フリーになって最初の年だけは物理的に税務署に提出に行ったものだけど、行列がご老人の方ばかりで驚いたのを覚えています。考えてみれば、街の小さな商店をやってるお爺ちゃんも確定申告しているのだ。みんな頑張ってるなら自分も頑張るか…となるし、『マルサの女』を観てからはもっと頑張ろうと思った(なみなみ注いだコップを持ちながら)。

『羅小黒戦記』を観た

以前から友人間で評判が良く、気になっていた中国の劇場用アニメ『羅小黒(ロシャオヘイ)戦記』をプライムの有料レンタルで観ました。いや~びっくりした。良かった。好きな絵柄のキャラが超絶手描き作画でぐりぐり動く、西の『スパイダーバース』、東の『プロメア』と並ぶ、アニメ表現において純粋にめちゃくちゃハイレベルな作品だったのでした。

「戦記」というから、もっと時代ものっぽい血生臭いお話かと思いきや全然そんなことはない、むしろジブリみたいなモダンなライトファンタジーと、ドラゴンボールみたいな能力バトルと、あと(なぜか)あずまきよひこ節の『あずまんが大王』『よつばと!』タッチの日常描写を、中華鍋に入れて混ぜ混ぜしたらできましたみたいな作品でした。驚くのが、それらのエッセンスが借り物の表現ではなく、完全に消化(昇華)されてオリジナルな表現に結実しているところです。筋の通った作家性を感じたし、とても爽やかで優しい物語になっている。

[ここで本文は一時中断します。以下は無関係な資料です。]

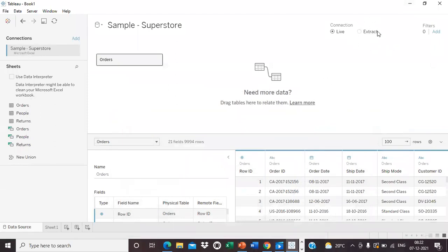The main topic we are going to discuss is the extracted file. Most cloud-based data sources require an extracted file. Prior to version 10.5, Tableau used the .tde (Tableau Data Extract) file format. Starting with version 10.5, Tableau uses the Hyper extract file — the .hyper format. New versions will also convert old .tde files into .hyper files.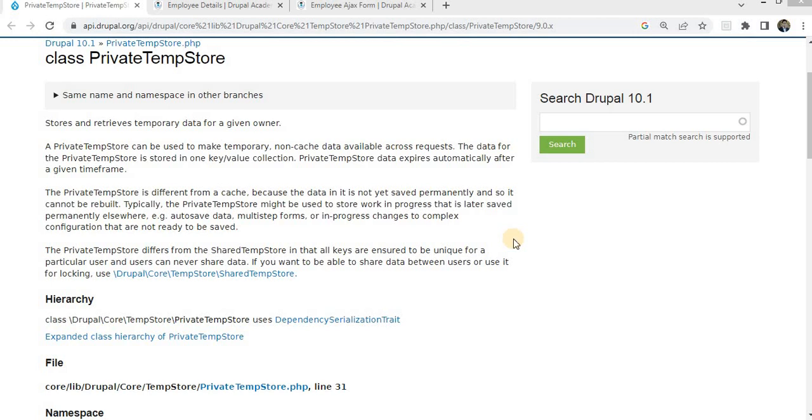Welcome back to Drupal Academy. In today's video, we are going to explore the concept of TempStore in Drupal.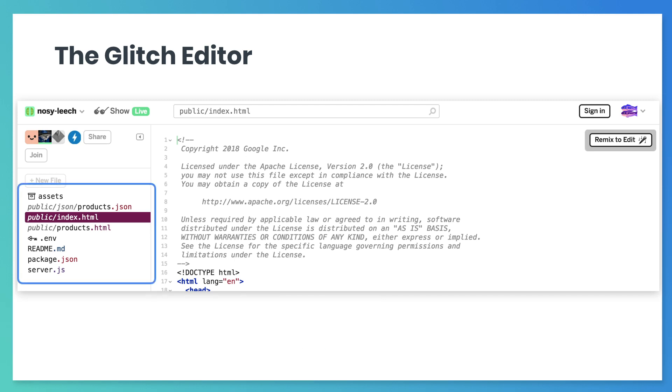Glitch keeps your images in a folder called Assets. You will need these images to complete the exercises. To view the images in your project, click the Assets entry in the list of files on the left. To get the link to any single image, select the image from the list of assets on the right-hand side.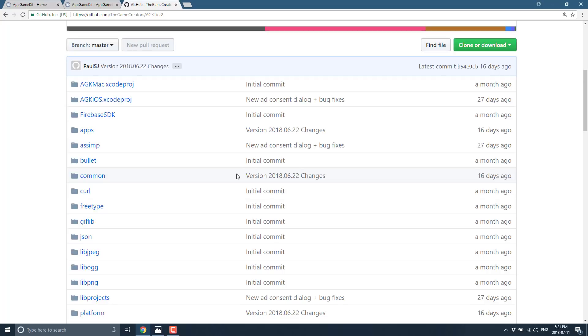Again, this is not open source. The source code is available but you have no rights to it. You can't fork it, you can't do anything with it. Anything that you commit back up to them becomes their ownership. If you want to work for free for the game creators by all means do all the coding in the world and commit back to them.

あれこれ感想やレビューの類を探して読んでいたらこのあたりや、

またこのあたりのインタビュー分析記事で理解が深まりました。

能力や属性といった要素には少なからずゲームっぽいというか、今様の記号性を感じてしまうのだけど、それ以外の大枠の作品テーマ、例えばシャオヘイの成長を見守る大人たち、都市と自然の関係性といった点には普遍的なドラマがあるし、それらを説明くさくない削ぎ落としたセリフに集約した脚本も良かった。そして多く語らずともキャラクターがみんな生き生きと動いて、魅力的だった。レンタル中に2周したけどまだ全然観れるな。

『ドント・ルック・アップ』を観た

別の週末には、Netflixで話題の映画『ドント・ルック・アップ』も観た。これもまたパンチがあった。こんな人類はもう滅ぼすしかない!

もう本当に最初から最後まで、主人公たちに立ちはだかる愚かなキャラクターが愚かに振舞うのをずっと見ていなくてはならないので、エンタメで観たい話では全然ないんですよ。スマートな人たちが難問をビシバシ解決する、『プロジェクト・ヘイル・メアリー』みたいな話の完全に真逆のやつです。笑うところはたくさんある。

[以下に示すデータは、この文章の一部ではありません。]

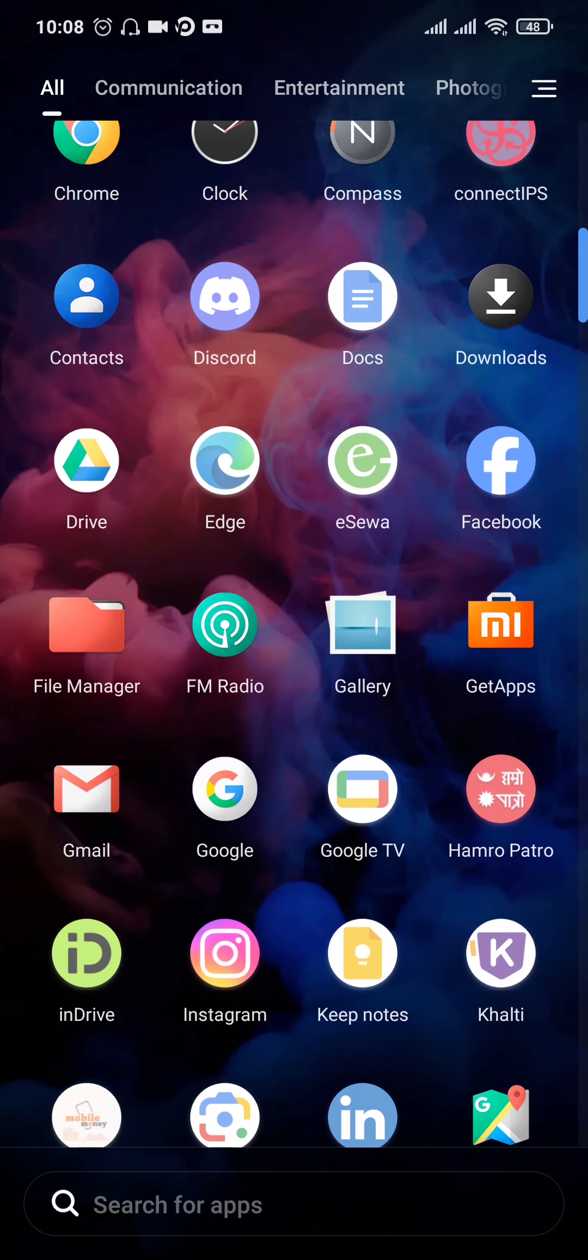So once you uninstall the app WhatsApp, you can open up the Play Store, search for WhatsApp and you can install this app again.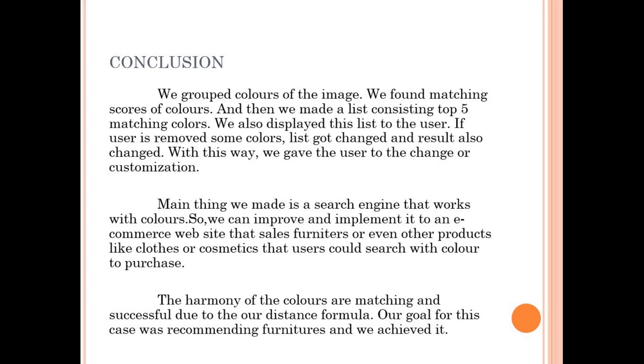Or even other products like clothes or cosmetics that user could search with color to purchase. The harmony of the colors are matching and successfully due to the our distance formula. Our goal for this case was recommending furnitures and we achieved it.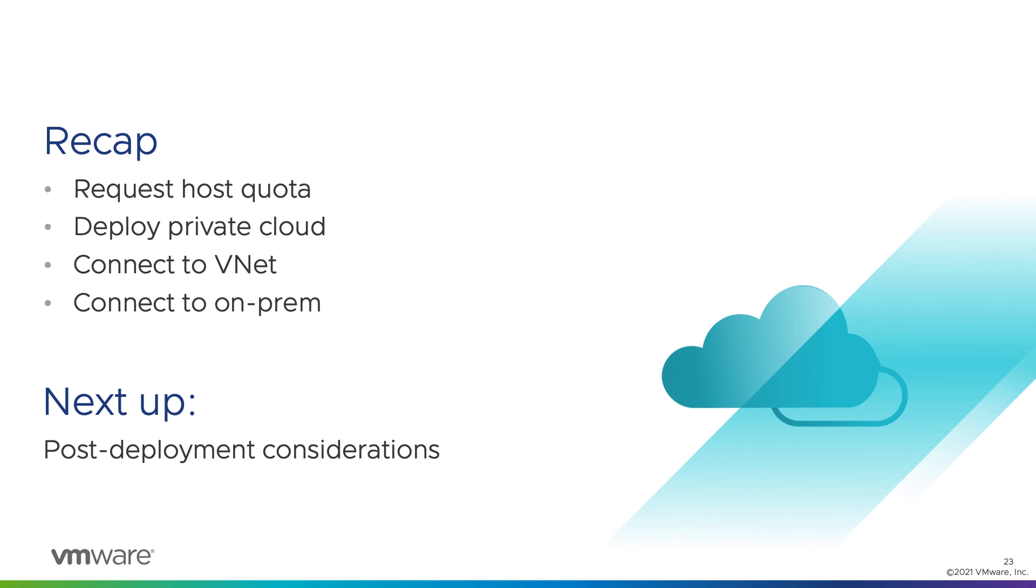All right, so in that demo, we stepped through the process of requesting host quota, deploying the private cloud, connecting to an Azure vNet, and connecting back to on-prem. In our next module, we'll run through some post-deployment considerations for operationalizing your AVS environment. Thank you.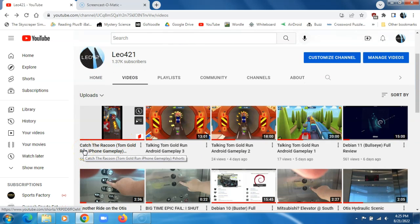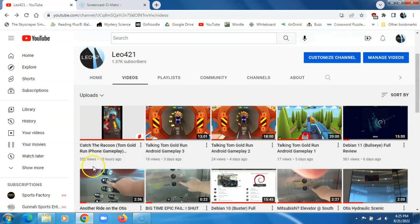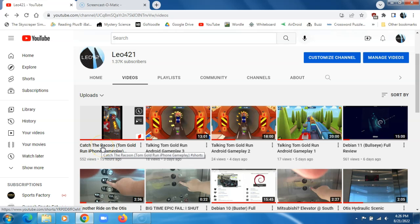Notice that most of my short videos are getting a lot more views, especially of the Catch the Raccoon.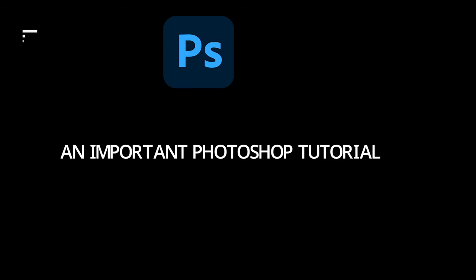Hey friends, I am Rubaiath Merol. Today I am showing you an important Photoshop tutorial.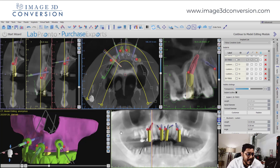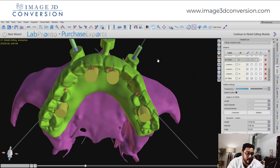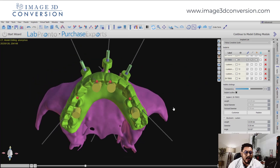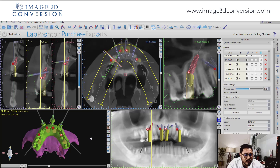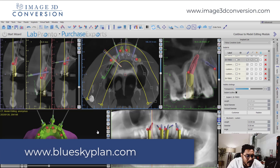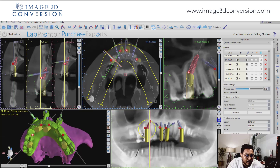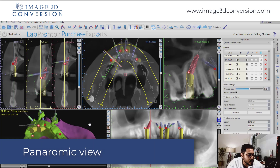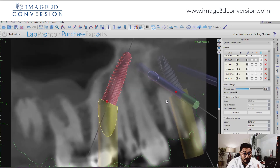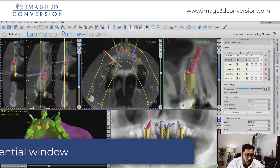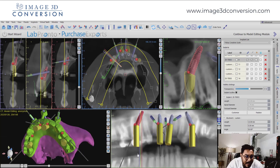We have five windows in Blue Sky Plan software to explore and review the treatment plan very confidently — to ascertain if you are on the right track in treatment planning and to avoid any challenges. If you haven't installed Blue Sky Bio's Blue Sky Plan software, simply visit their website and download it free of cost. We have five windows: pan view (panoramic view), true view, sagittal window, 3D view, and tangential window.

本作を最後まで観たあと、心底「ああフィクションで良かった」と思うんだけど、よく考えるとこれ別に全然フィクションじゃない。なんなら、ここで起きていることの9割くらいはここ何年かの間に現実にわれわれの身の回りに起きたことなのだ。リアルタイムの寓話なのだ。娯楽作品に対してこのスピード感でこのレイヤーの批評性を持たせられるのが心底アメリカのすごいところですね。悲しいことに、批評したからといって問題が解決するわけではないんだけど、われわれ自身の愚かさを認識するのが第一歩だからね…。

「VOICEPEAK」すごくない?

先週、DTMステーション藤本さんの記事で話題になったAHS社の新しい音声読み上げソフト「VOICEPEAK」のデモを試したらヤバかった。

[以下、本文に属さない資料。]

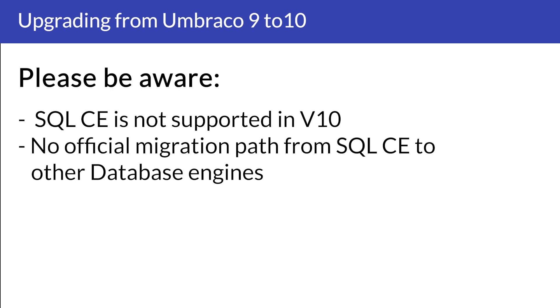So now we have successfully upgraded our Umbraco 9 project to Umbraco 10. Do note that SQL CE is no longer a supported database engine in Umbraco 10, and there is no official migration path from SQL CE to another database engine. There's a few options that you can do to migrate from the one database to another. And I'll make sure to link the options as well as the documentation on how to upgrade your project in the description down below.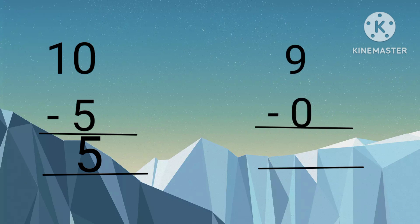Nine minus zero. The answer is nine. Very nice.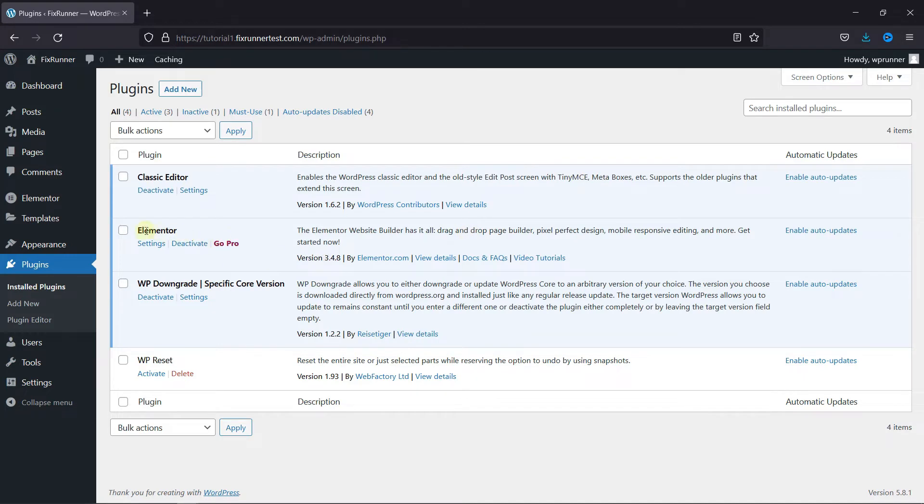To edit pages with Elementor, first you need to install and activate the Elementor plugin. Now, I've already installed it, but if you need help installing a plugin on your website, we have a video explaining how to install a plugin. I'll link it in the description below.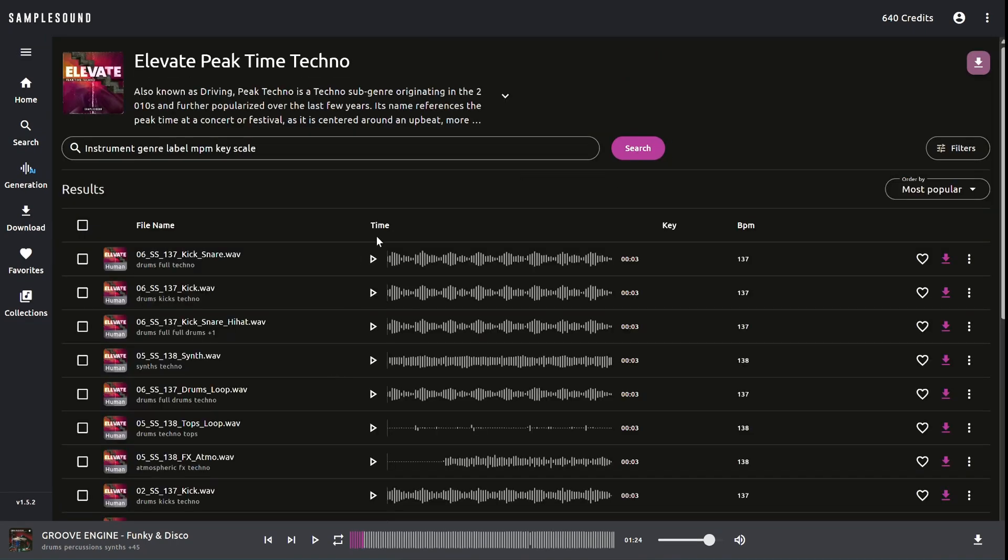And that's it! Now you know how to quickly download an entire sample pack. Stay tuned for more tutorials on how to make the most of the Sample Sound app.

パッと聞いて明らかにネクストレベルの「人間らしさ」! わたしがソフトを買っても特に用途は思いつかないけど、技術がこんなところまで来ていると知ればそれだけで買いたくなってしまう。3月11日発売で、4月末まではダウンロード版税込15,800円なのだとか。

でこれ、興味があって開発・販売元のAHSさんの配信番組(AHS公式生放送第177回 - YouTube)を見ていたら、開発秘話がもっと面白かった。なんでも、VoicepeakのAI音声合成エンジンは、同社のSynthesizer Vという歌声音声合成ソフトを開発した中国から来た20代の天才エンジニア(しかもなんと日本語ネイティブ話者ではない!)が一人で作ったのだとか。元々読み上げソフトの開発には興味があって、去年のある段階で「喋るようになったかも」くらいのノリで試作版が完成し、今年8月の発売予定を繰り上げてトントン拍子で出すことになったのだそう。

このエンジニア、Dreamtonics社カンルさんへのインタビューもDTMステーションにあって、とっても面白かった。マジの天才というのはいるものだ。

不破くんの逆凸良かったね

今週末は確定申告の作業を進めながら、にじさんじの不破くんのチャンネル登録者数50万人記念の逆凸企画を聴いていた。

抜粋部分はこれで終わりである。